The state of Ohio has attempted to create ways to measure teacher quality to questionable results. A Dayton Daily News analysis last year found that 44 percent of school districts placed every one of their teachers in the top half of the state’s rating system. Locally, Dayton was one of only three districts to rate any teacher as ineffective.
In the 2017-2018 school year, Dayton rated 1.1 percent of its teachers as “ineffective,” which was the third highest in the state. Only 33 of the 608 districts in the state rated any of their teachers as ineffective, putting the teacher on an improvement plan that could lead to their dismissal if performance doesn’t improve.

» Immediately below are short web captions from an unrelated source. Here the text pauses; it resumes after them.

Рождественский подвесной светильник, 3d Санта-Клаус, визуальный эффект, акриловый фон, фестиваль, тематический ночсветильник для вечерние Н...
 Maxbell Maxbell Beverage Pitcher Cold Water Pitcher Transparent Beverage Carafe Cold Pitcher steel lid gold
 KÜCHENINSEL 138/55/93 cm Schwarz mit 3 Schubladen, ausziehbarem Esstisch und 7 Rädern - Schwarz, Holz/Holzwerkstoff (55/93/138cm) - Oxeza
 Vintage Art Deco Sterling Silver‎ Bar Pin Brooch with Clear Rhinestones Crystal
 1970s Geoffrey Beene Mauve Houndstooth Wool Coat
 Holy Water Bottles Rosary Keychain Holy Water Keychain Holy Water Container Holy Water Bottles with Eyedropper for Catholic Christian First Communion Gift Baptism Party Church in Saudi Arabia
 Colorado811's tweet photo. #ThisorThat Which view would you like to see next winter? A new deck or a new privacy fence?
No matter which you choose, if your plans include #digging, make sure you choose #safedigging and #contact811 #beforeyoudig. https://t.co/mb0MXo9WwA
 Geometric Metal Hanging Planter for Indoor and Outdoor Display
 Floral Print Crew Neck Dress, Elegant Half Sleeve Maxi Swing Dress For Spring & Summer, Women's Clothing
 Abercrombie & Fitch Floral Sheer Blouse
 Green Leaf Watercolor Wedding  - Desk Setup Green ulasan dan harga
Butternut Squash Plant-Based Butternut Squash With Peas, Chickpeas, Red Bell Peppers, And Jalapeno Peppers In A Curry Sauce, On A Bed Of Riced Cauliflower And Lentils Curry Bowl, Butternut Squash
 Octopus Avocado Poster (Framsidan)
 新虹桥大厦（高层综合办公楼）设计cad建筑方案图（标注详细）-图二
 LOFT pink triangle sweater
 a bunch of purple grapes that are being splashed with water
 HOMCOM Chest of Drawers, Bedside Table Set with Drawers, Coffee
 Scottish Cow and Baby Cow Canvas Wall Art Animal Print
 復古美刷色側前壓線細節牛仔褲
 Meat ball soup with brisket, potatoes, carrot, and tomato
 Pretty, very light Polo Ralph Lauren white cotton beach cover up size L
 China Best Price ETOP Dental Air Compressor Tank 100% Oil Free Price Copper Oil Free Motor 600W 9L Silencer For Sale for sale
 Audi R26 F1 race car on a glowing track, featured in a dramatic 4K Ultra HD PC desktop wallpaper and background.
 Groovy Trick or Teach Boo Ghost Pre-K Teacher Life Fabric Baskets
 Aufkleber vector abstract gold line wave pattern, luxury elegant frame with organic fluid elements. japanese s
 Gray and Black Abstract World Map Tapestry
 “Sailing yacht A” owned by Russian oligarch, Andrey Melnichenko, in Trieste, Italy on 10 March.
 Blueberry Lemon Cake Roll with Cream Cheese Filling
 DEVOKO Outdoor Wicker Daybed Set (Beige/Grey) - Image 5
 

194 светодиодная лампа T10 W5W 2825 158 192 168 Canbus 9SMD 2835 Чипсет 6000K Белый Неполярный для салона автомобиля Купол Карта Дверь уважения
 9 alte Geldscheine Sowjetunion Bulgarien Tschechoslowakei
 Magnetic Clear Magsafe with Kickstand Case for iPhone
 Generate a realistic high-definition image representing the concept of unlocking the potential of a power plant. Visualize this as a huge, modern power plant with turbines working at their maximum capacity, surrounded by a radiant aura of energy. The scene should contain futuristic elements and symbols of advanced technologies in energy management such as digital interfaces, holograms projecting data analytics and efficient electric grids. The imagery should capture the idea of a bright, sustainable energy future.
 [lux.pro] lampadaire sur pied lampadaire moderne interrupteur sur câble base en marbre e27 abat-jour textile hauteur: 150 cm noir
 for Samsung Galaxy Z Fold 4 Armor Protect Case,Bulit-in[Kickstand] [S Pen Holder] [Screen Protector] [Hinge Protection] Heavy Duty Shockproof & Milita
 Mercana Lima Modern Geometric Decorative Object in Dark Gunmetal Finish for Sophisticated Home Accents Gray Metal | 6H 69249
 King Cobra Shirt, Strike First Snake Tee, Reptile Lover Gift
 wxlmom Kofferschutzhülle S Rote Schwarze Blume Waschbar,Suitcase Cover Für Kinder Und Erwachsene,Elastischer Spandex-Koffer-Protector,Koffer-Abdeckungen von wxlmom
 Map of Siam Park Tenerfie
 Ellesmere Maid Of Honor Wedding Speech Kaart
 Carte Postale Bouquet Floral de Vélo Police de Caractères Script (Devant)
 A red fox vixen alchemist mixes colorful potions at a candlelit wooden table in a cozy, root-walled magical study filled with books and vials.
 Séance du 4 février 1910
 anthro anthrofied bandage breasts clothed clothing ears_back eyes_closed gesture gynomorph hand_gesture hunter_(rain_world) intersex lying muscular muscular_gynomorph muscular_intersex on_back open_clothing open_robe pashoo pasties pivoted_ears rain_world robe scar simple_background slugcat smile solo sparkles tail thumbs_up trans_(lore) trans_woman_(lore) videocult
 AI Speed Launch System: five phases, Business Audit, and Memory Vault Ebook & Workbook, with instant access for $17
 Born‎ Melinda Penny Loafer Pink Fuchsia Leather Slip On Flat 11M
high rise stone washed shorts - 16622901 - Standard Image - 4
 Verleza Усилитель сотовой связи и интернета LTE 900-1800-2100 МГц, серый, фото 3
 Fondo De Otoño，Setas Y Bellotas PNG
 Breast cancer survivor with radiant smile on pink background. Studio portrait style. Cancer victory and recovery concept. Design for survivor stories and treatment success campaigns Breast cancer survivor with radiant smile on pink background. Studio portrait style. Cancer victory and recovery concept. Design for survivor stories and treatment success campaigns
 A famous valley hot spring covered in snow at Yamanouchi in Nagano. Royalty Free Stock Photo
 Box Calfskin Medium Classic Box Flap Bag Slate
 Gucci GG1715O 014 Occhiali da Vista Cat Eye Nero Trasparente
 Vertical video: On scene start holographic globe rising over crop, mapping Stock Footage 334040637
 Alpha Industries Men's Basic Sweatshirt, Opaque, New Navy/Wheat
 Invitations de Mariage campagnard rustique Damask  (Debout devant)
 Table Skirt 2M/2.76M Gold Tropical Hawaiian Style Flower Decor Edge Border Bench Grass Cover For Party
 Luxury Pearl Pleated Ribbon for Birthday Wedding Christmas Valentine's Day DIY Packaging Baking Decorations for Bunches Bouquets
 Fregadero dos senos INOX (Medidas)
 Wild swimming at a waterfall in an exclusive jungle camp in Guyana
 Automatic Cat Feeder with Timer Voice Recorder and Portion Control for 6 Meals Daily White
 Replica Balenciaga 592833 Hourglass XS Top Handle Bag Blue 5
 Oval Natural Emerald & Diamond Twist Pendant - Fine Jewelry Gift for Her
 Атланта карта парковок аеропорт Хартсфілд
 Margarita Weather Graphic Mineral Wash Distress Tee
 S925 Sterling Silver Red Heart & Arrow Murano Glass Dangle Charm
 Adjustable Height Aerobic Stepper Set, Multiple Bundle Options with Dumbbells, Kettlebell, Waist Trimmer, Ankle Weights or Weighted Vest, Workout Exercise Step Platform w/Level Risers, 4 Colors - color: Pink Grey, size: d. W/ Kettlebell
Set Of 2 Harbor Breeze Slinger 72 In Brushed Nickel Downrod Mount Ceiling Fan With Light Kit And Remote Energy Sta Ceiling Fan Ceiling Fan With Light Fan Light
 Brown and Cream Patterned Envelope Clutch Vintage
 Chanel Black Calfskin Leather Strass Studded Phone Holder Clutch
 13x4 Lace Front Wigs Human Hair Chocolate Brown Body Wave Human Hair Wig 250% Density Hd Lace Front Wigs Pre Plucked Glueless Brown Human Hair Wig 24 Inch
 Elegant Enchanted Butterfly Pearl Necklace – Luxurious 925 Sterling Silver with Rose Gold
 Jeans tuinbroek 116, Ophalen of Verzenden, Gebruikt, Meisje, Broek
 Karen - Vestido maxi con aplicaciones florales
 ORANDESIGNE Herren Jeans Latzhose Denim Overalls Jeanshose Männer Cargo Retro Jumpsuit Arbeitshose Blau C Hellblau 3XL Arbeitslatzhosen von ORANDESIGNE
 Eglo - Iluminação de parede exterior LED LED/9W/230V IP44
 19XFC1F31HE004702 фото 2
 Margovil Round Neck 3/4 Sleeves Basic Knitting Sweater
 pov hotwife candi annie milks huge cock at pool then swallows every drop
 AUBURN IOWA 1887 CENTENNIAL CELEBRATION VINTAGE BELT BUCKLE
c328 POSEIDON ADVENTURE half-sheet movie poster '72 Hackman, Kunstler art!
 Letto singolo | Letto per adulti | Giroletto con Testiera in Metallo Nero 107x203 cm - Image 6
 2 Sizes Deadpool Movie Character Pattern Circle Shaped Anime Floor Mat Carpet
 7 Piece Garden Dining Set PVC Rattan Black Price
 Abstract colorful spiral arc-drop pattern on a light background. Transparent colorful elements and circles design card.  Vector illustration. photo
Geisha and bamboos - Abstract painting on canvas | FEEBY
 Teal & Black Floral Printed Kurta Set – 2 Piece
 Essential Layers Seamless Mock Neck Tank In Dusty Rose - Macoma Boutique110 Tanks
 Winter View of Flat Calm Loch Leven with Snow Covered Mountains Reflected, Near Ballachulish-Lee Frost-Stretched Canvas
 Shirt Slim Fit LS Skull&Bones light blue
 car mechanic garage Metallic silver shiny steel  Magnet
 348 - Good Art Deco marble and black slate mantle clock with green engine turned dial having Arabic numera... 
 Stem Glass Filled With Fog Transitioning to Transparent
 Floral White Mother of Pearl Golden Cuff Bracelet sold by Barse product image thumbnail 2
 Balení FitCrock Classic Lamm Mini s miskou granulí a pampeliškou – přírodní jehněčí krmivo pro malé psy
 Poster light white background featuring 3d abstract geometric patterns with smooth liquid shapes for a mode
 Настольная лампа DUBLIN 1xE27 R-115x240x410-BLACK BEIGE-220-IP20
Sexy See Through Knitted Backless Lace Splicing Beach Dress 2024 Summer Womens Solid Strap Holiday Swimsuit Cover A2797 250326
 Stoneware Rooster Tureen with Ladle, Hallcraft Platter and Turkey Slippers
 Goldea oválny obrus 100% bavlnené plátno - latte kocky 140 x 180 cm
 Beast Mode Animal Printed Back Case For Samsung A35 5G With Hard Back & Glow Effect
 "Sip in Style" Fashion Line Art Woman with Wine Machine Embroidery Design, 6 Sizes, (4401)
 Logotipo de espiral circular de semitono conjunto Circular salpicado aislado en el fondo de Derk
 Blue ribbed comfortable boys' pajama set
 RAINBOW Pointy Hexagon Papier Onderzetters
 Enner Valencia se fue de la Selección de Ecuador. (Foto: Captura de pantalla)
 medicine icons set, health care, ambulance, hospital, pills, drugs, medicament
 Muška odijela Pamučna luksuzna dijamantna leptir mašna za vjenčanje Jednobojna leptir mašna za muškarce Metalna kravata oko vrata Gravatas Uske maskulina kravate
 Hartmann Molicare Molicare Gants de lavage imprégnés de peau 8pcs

One area superintendent called the system “somewhat meaningless.”
The state is currently revising its teacher rating system and will start pilot-testing a new version next year.
DPS teachers union president David Romick believes Dayton has good teachers and that the current professional development will help as long as district leaders stick with these methods — consistency hasn’t been their strong suit in the past, he said.
“(Teacher quality) is sort of an ethereal sort of thing that nobody has been successful in really measuring, even our teacher evaluation system doesn’t measure it very well,” he said.
Denham has only been teaching for three years. She came to DPS from Hamilton schools.
“There I felt more I was a teacher and that was strictly it. Here I feel I’m more than just a teacher. There are students that come in and the first thing they do is give me a hug because that’s what they need,” she said. “So you kind of just have to know what your students need each day and teach to that.”